Rats were exposed by inhalation to the technically highest administrable concentration of 230 mg Pigment Yellow 17/m3 air for 4 h (nose only; mass-median aerodynamic diameter: 1.0 -1.1 μm). For 14 days after exposure, urine and serum samples ere analysed for 3,3'-dichlorobenzidine. No 3,3'-dichlorobenzidine was detectable, neither in urine nor blood (detection limit 5 ng/ml urine or 10 ng/0.5 ml blood) (Hoechst, 1990; Hofmann and Schmidt, 1993). Minimal 3,3'-dichlorobenzidine hemoglobin adducts which were in the range of the values measured for the control animals were found in rats after single intratracheal application of Pigment Yellow 17 (Zwirner-Baier and Neumann, 1994).

- repeated application

Male Wistar rats were exposed for five times to 10 or 20 mg Pigment Yellow 17 or Pigment Yellow 83/animal by intratracheal instillation at weekly intervals. Urine and faeces were collected during the exposure and 28 days observation period, blood was collected at the end of the exposure and post observation period. Urine, faeces and haemoglobin were analysed for the presence of 3,3'-dichlorobenzidine after acid hydrolysis, the pigment content of the lungs was determined gravimetrically and the lungs and lung associated lymph nodes were investigated histopathologically (Bartsch et al., 2001). Pigment Yellow 17 and Pigment Yellow 83 were deposited in the lung and persisted in the lung during the observation period.
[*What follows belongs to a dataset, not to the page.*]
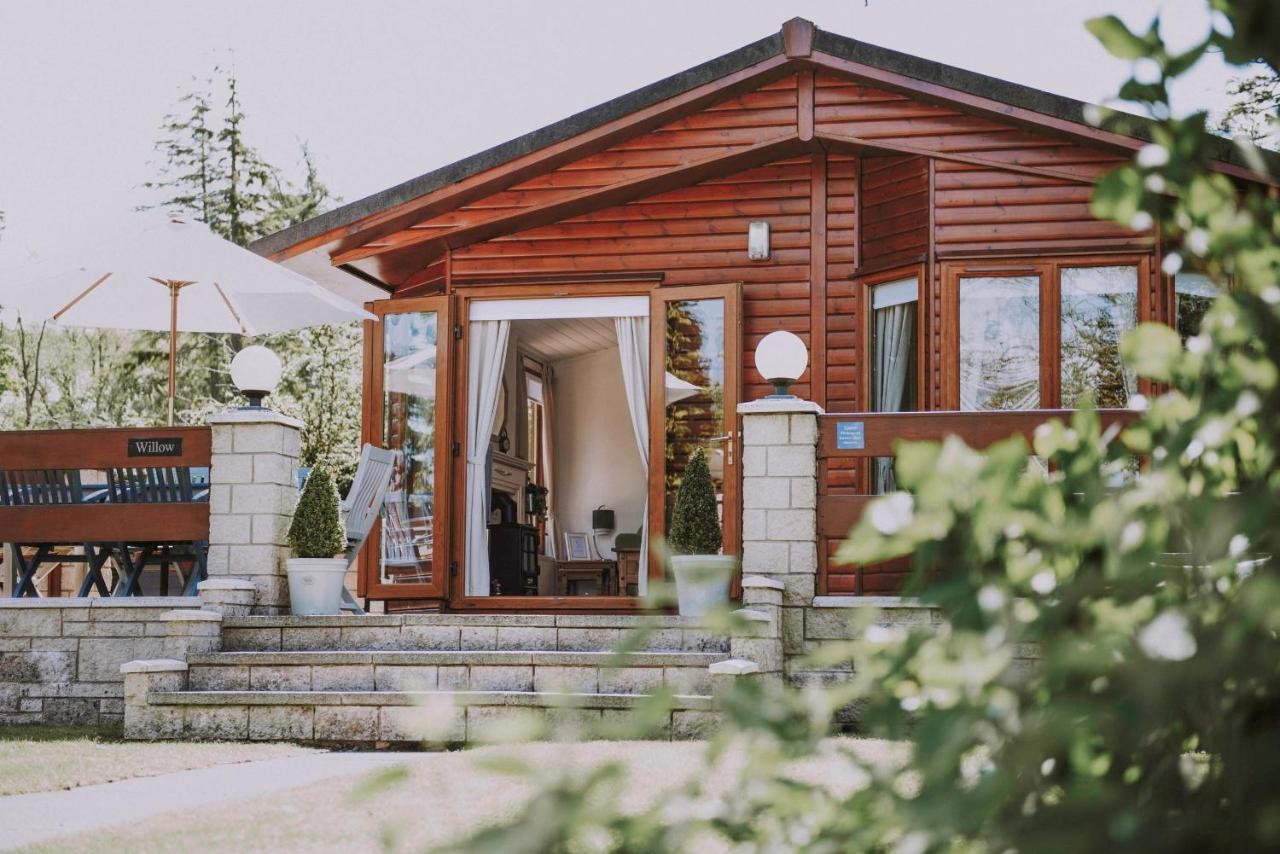 Walled Garden Lodges Loch Lomond Balloch Extérieur photo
No 3,3'- ichlorobenzidine was detectable in the urine, faeces and haemoglobin of Pigment Yellow 17 treated rats during the exposure period. Traces of 3,3'-dichlorobenzidine were detected in control animals, probably due to impurities of the analytical instruments. 3,3'-Dichlorobenzidine was detectable in the urine, and partially in the faeces and haemoglobin of Pigment Yellow 83 treated rats during the exposure period. Nevertheless, no proof of bioavailability of the pigment was obtained, since 3,3'-dichlorobenzidine was still detectable in the blood at the end of the post exposure period, but not in the urine and feces during the post exposure period. Based on this observation a constant absorption and metabolisation of the applied pigment can be excluded. Furthermore, since traces of 3,3'-dichlorobenzidine were also found in blood, urine and feces of control animals, it cannot be concluded if the detection of 3,3'-dichlorobenzidine is due to the absorption and biotranformation of the applied pigment or due to the contamination of analytical instruments. Concerning the pigment content of the lung at the end of the exposure period the authors calculated a bioavailability of 0.0012 Mol%/24 hours for the high exposure group. At the end of the observation period the bioavailability was only 0.00006 Mol%/24 hours for the high exposure group.

Dermal exposure:

- single application

No radioactivity was detectable in blood, urine and liver of male rats after single application of radiolabelled Pigment Yellow 12 to the shaved skin for 24 hours under occlusive conditions. The entire applied dose was detectable on the application site or the patch (Decad et al., 1983).